I agree with @steffahn on just how awesome clippy is! I find myself running it as often as I build.


Rust's match statement is pretty powerful. Instead of matching the length of the list, you can actually match the list itself (technically it's called a 'slice' though :slight_smile:). So for median you could instead do:

match list {
    [] => None,                        // empty list
    [val] => Some(val),   // list only has 1 element
    _ => Some(get_median_value(list)),  // otherwise
}

This also ties into the fact that get_median_value doesn't need to return an Option.
Both of the branches always return Some, so might as well just drop the Optionness! :slight_smile:
And this makes logical sense. That function only gets called when the list isn't empty.
And a non-empty list will always have a median.

Personally, I'd be tempted to add assert!(!list.is_empty); at the top of get_median_value.
It doesn't change the behavior - if an empty list did get passed, both branches would panic anyways.
But I find asserts really helpful when reading the function (like a kind of documentation)

Also, you can pass custom messages, which are much nicer when debugging:
assert!(!list.is_empty(), "empty list was passed to 'get_media_value'!");
compared to what select_nth_unstable would panic with:
partition_at_index index 0 greater than length of slice 0
Although Rust has awesome error messages in general... some are still more cryptic than others!


For the mode function,
Rust has 3 'flavors' of iterators, corresponding to the 3 ways types can be passed around.

  • iter operates on an immutable borrow of a thing, and gives you immutable borrows (&u32 here).
  • iter_mut operates on a mutable borrow, and gives you mutable borrows (&mut u32 here).
  • into_iter operates on owned values, and gives you the values directly (u32 here).

(from the official docs: std::iter - Rust)

iter is always available. iter_mut can only be used if you have mutable access.
into_iter can only be used if you own the data, and once you've called into_iter, that data is consumed (unless you collect it into a new container or something).

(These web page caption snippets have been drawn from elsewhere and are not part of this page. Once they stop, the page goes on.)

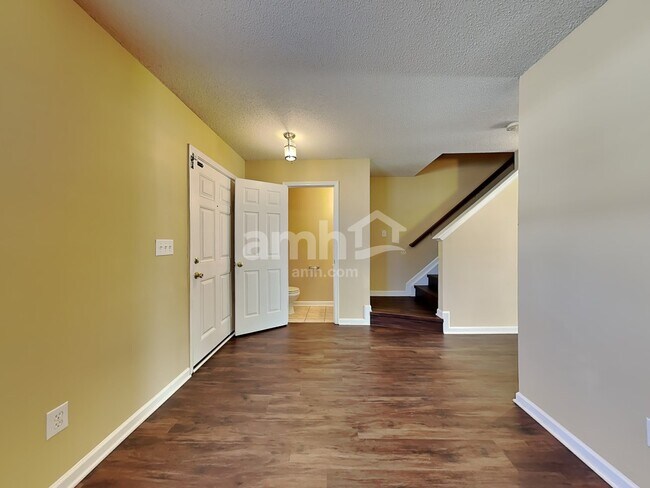 Building Photo - 430 Rockbridge Dr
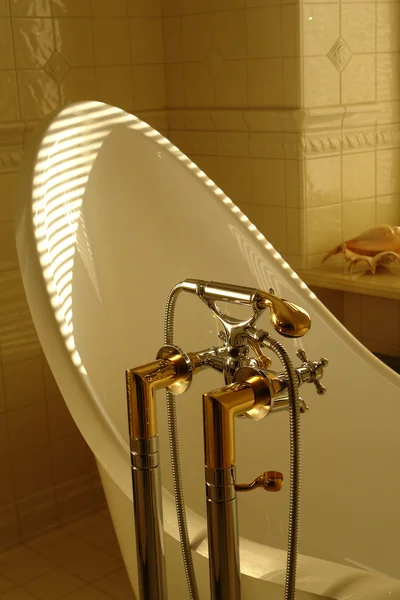 Detalhe de um banho e torneira de água — Fotografia de Stock
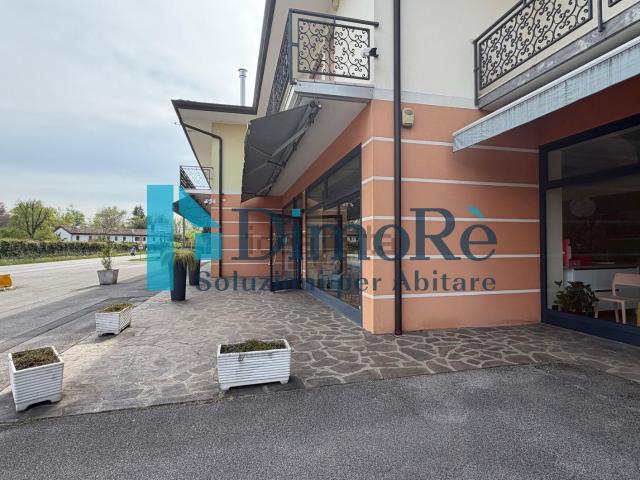 Ufficio in vendita di 180 m²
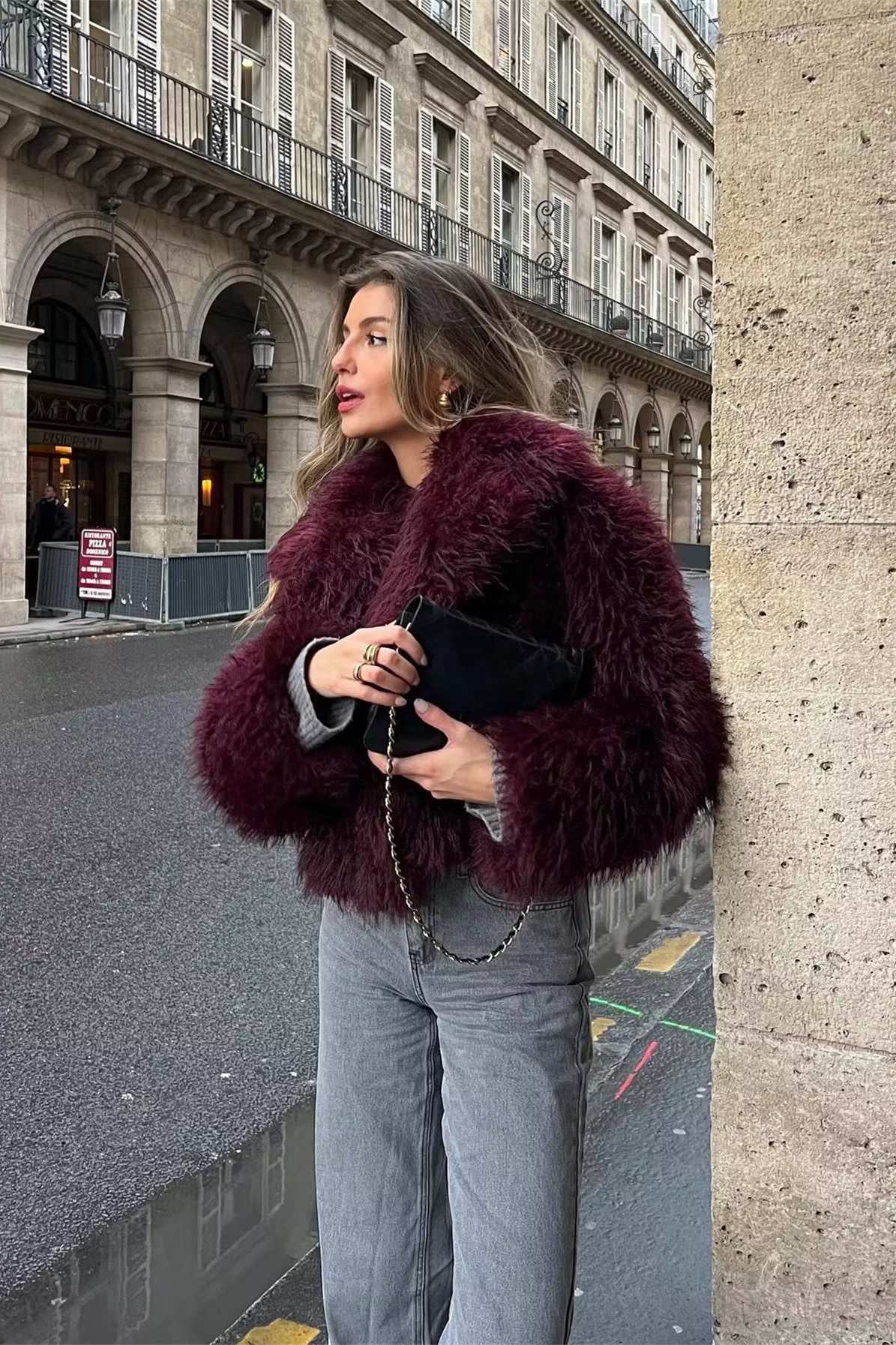 Noemi | Cropped Fluffy Jacket With Notch Lapel Brown | FormaLuxe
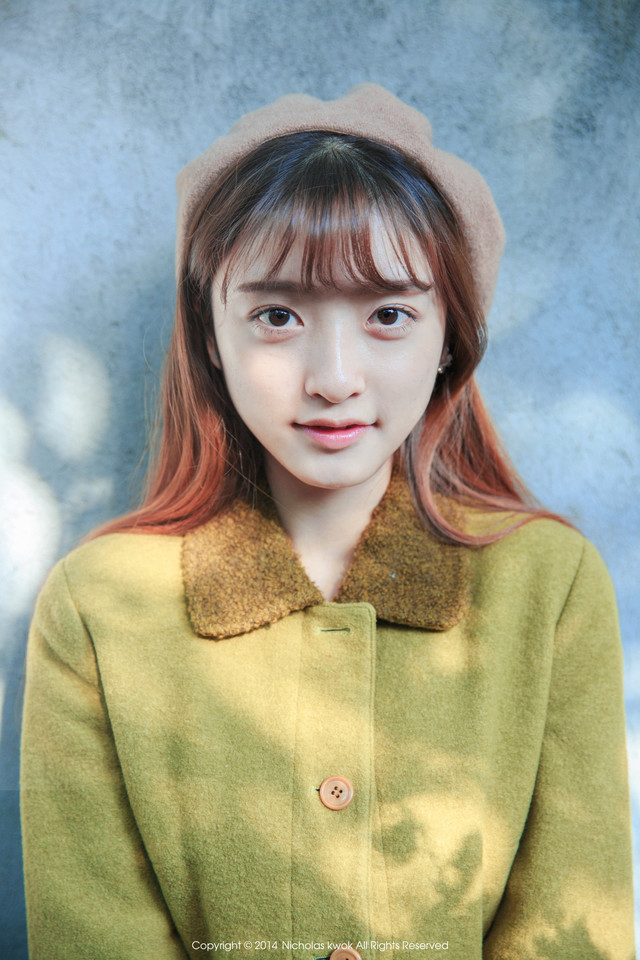 冬日暖阳下的清纯美女  第1张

Here I think into_iter is more appropriate than iter.
We own the HashMap and it's about to get thrown away anyways (when the function ends), so there's no problem consuming it. And because it works on values, you could drop the & in the closures:

-        .filter(|(_, &value)| value == max_value)
+        .filter(|(_, value)| value == max_value)

And same for the one in map. Right now you need these because iter gives you borrows, so you need to get to the actual value. Whereas into_iter will just give you the values with no fan-fare.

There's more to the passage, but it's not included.